Nesse caso, não há concordância do particípio com o objeto que se lhe segue:
«Tenho escrito muitas cartas aos familiares distantes»;
«Tenho feito muitos exercícios nestes dias»;
«Tenho falado disso constantemente, mas ninguém me ouve»;
«Tenho imprimido muitas folhas, então preciso comprar mais tinta».
Também é importante notar que, nessas construções de voz ativa, para os verbos abundantes de particípio empregamos (em regra) o regular: «Tenho imprimido, elegido, pegado, expulsado…».
Até aqui, tudo bem, não? Mas e quanto àquela segunda construção – «Tenho escritos muitos artigos»?
Se a intenção do autor é simplesmente dizer o que se disse na primeira construção, então está inadequada. Já não se faz a concordância do particípio de uma locução com o objeto.
Nada obstante, há casos em que podemos dizer «Tenho escritos» com toda a legitimidade que nos confere a língua portuguesa.
Isso ocorre quando o verbo ter deixa de ser auxiliar e assume, sozinho, seu sentido de posse. Ao mesmo tempo, o particípio agora chega ainda mais próximo da fronteira do adjetivo, e podemos vislumbrar-lhe ambas as naturezas.

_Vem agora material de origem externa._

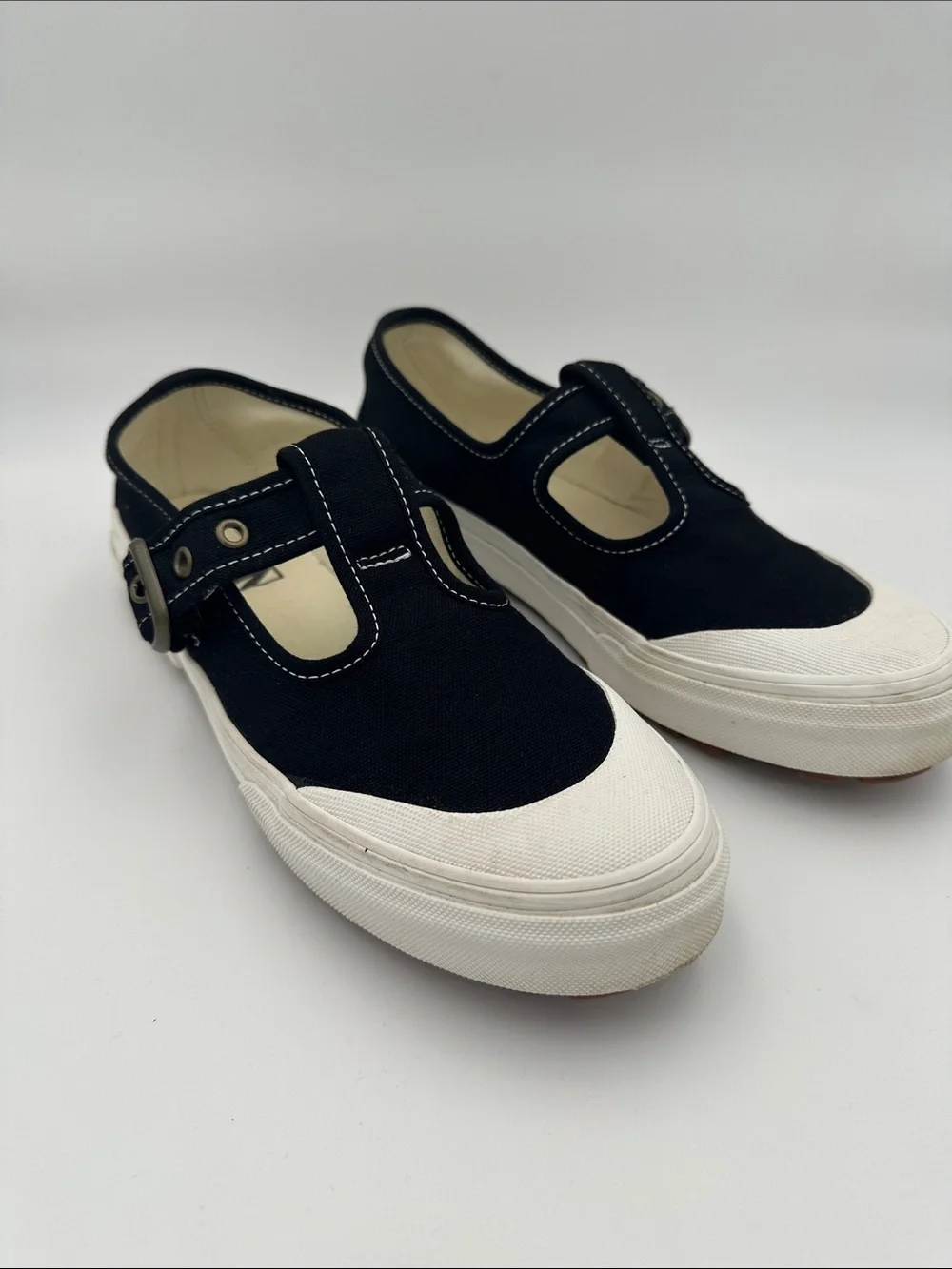 Vans Mary Jane Buckle Shoes Black W 9.5 M 8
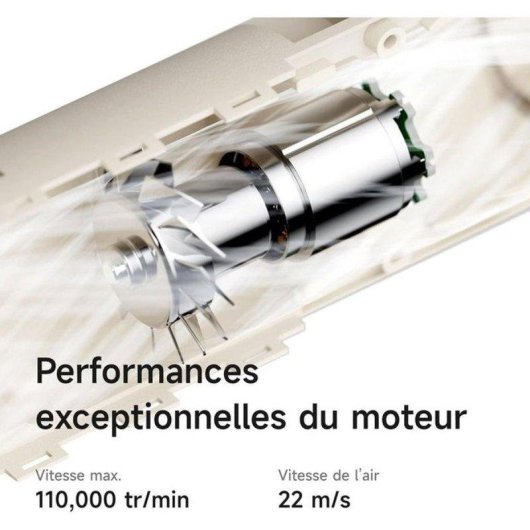 Sèche-cheveux Ionique Laifen Neo Special 1500W 5 Températures 2 Vitesses Diffuseur Accessoires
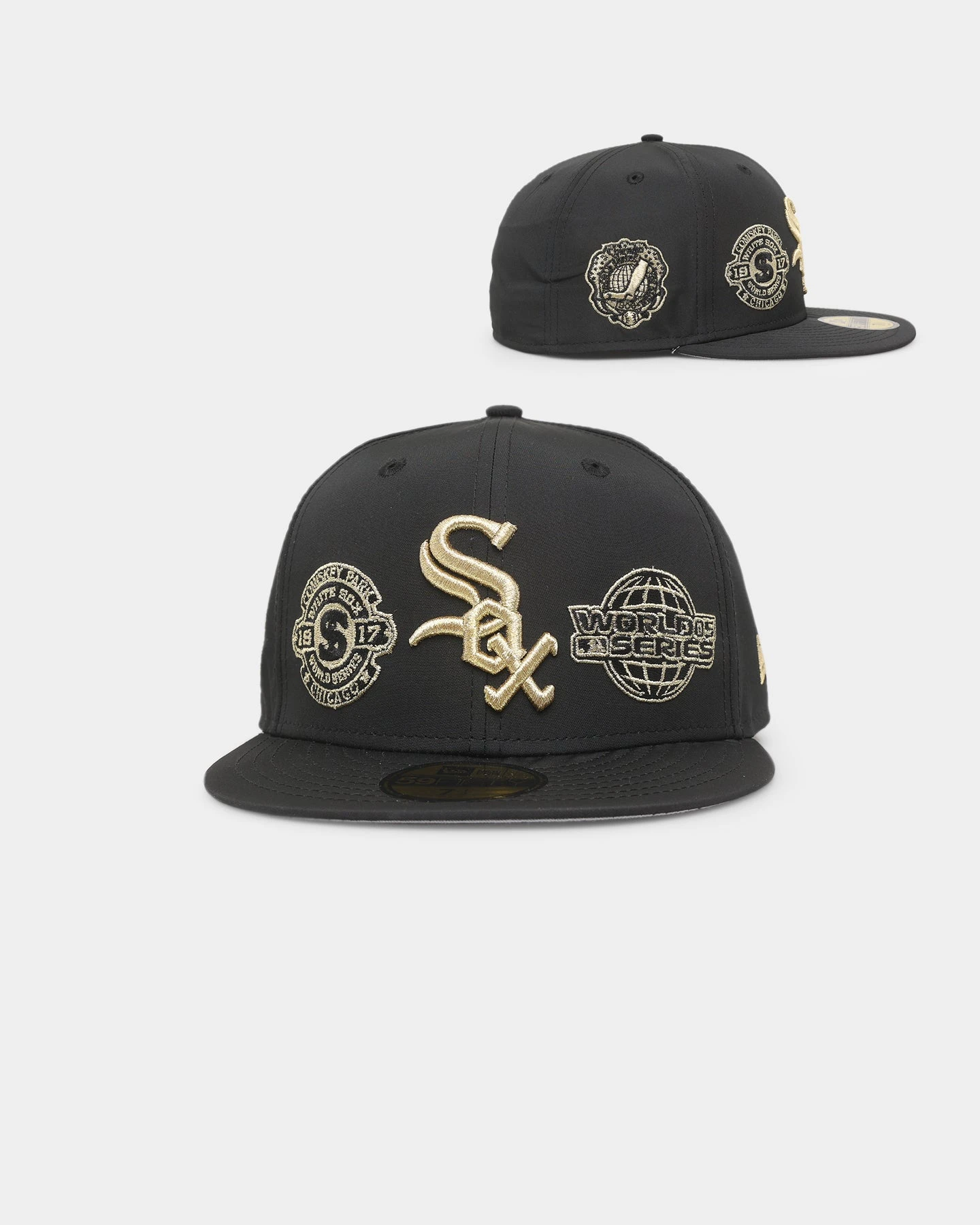 New Era Chicago White Sox 'Black Gold Multi Prolight' World Series 59FIFTY Fitted Black/Gold New Era Chicago White Sox 'Black Gold Multi Prolight' World Series 59FIFTY Fitted Black/Gold -Mitchell & Ness Shop 196821271184 default 0010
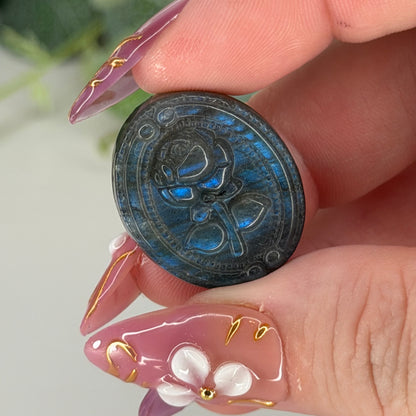 Labradorite Rose Cabs
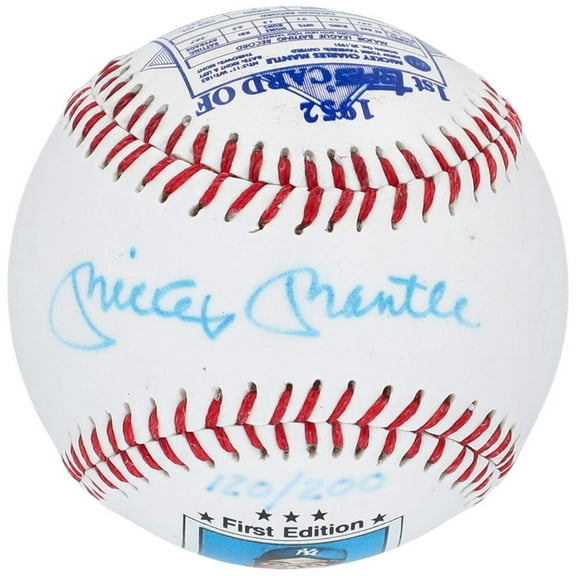 Mickey Mantle Signed 1952 Topps Rookie Card Commemorative Baseball Beckett COA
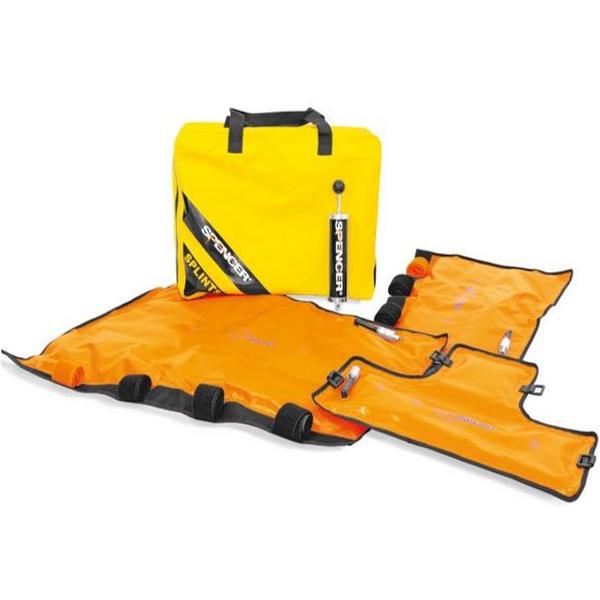 KIT STECCOBENDE A DEPRESSIONE RES-Q-SPLINT PLUS - KIT 3 MISURE - canali separati - completo di pompa e borsa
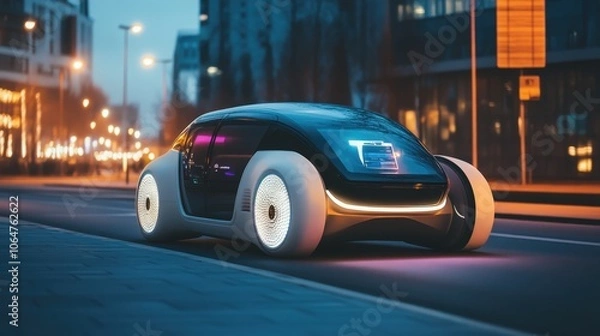Fototapeta potential for public policy to encourage the adoption of autonomous vehicles.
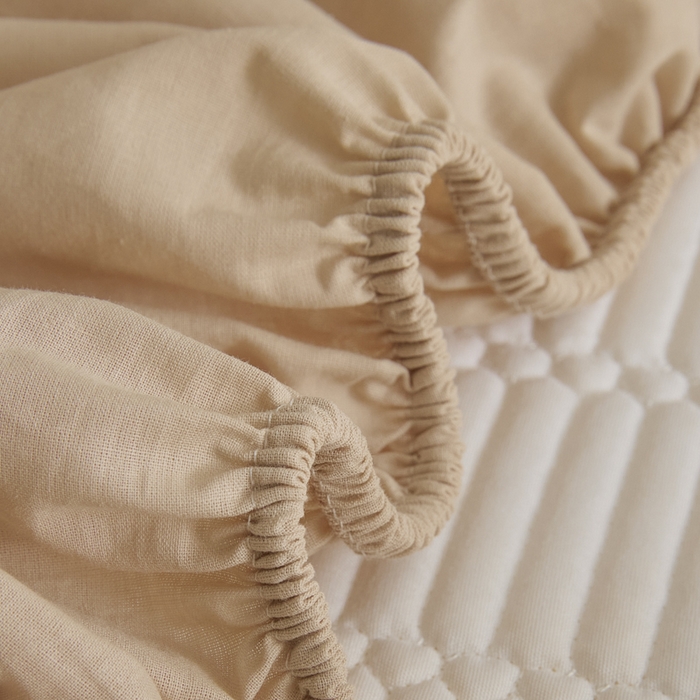 91家纺网 家纺一手货源 找家纺 芬晴家纺 2025新款A类全棉水洗棉夹棉床笠-甜心 甜心-浅卡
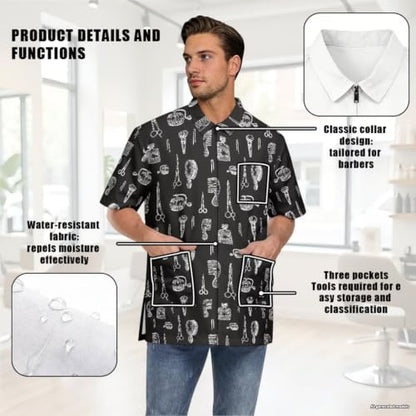 Funny Print Barber Jackets & Smocks - Image 5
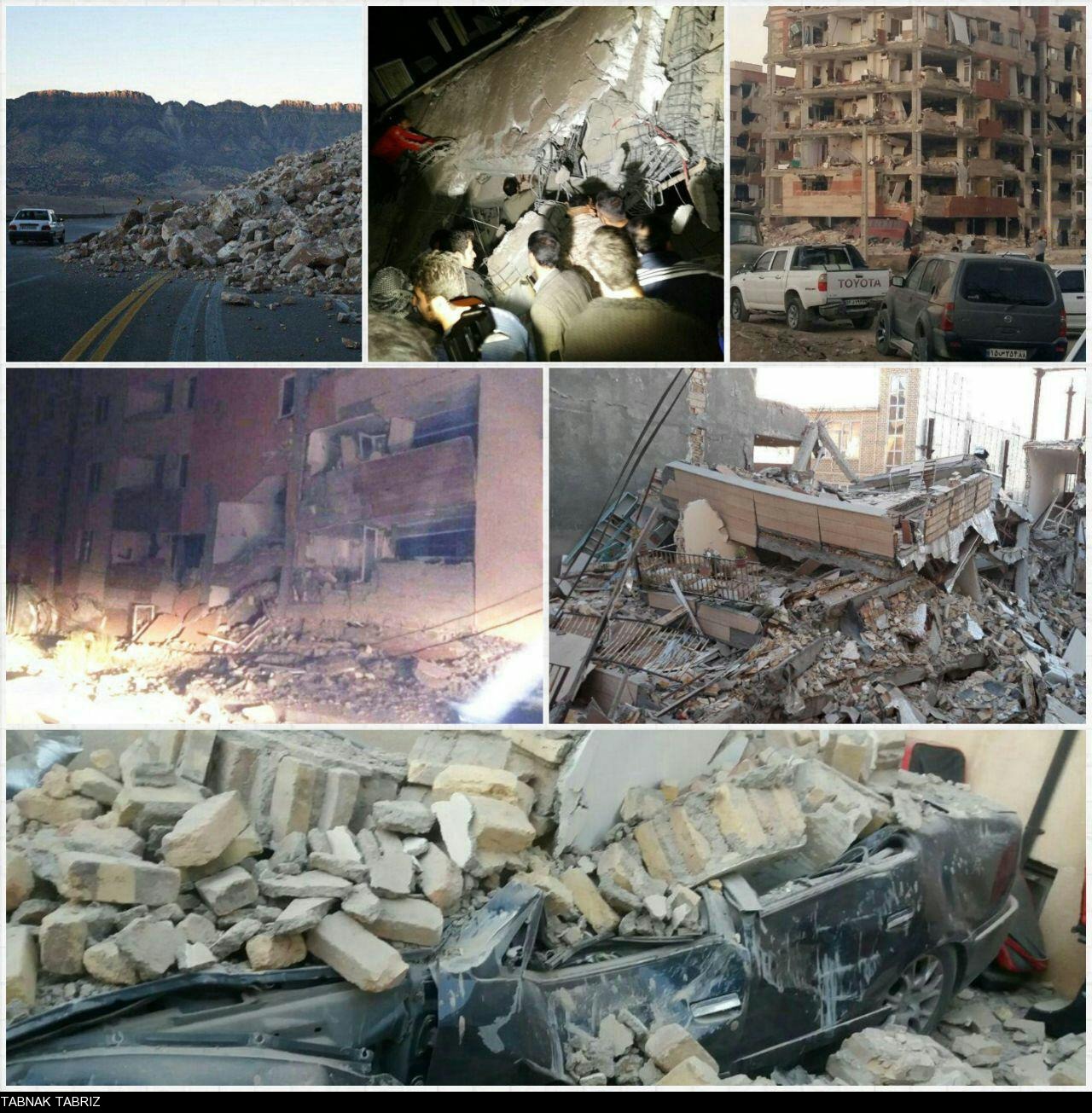 تصاویری دلخراش از قربانیان زلزله ۷.۳ ریشتری شب گذشته در قصرشیرین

Assim, dizer «Tenho escritos muitos artigos» é simplesmente o mesmo que afirmar «Tenho muitos artigos escritos» – e fica fácil notar a essência adjetiva dessa forma nominal. Houve nada mais que um deslocamento do termo. O que se está dizendo é apenas que «Já tenho muitos artigos escritos», «muitos artigos que escrevi».
Diferentemente daquele primeiro caso, agora o particípio (ou adjetivo, como quiser) concorda normalmente com o objeto, pois refere-se a este. Ademais, caso se trate de verbo abundante, empregaremos então o particípio irregular:
«Tenho escritos muitos artigos» (Tenho muitos artigos escritos);
«Tenho lidas muitas obras em minha biblioteca» (Tenho muitas obras lidas);
«Já tenho impressas quinhentas páginas desse livro» (Tenho quinhentas páginas impressas);
«Já temos preparada a sobremesa» (Já temos a sobremesa preparada).
Em suma, ambas as construções – «Tenho escrito» e «Tenho escritos» – podem estar corretas, desde que usadas em seus respectivos contextos.
Para concluir, uma curiosidade: no português arcaico, admitia-se a concordância do particípio no primeiro caso (tempo composto do pretérito perfeito), o que já não ocorre. É por isso que, em Camões, podemos encontrar construções como «Já tinha vindo Anrique da conquista / Da cidade Hierosólima sagrada, / E do Jordão a areia tinha vista» (a areia tinha visto).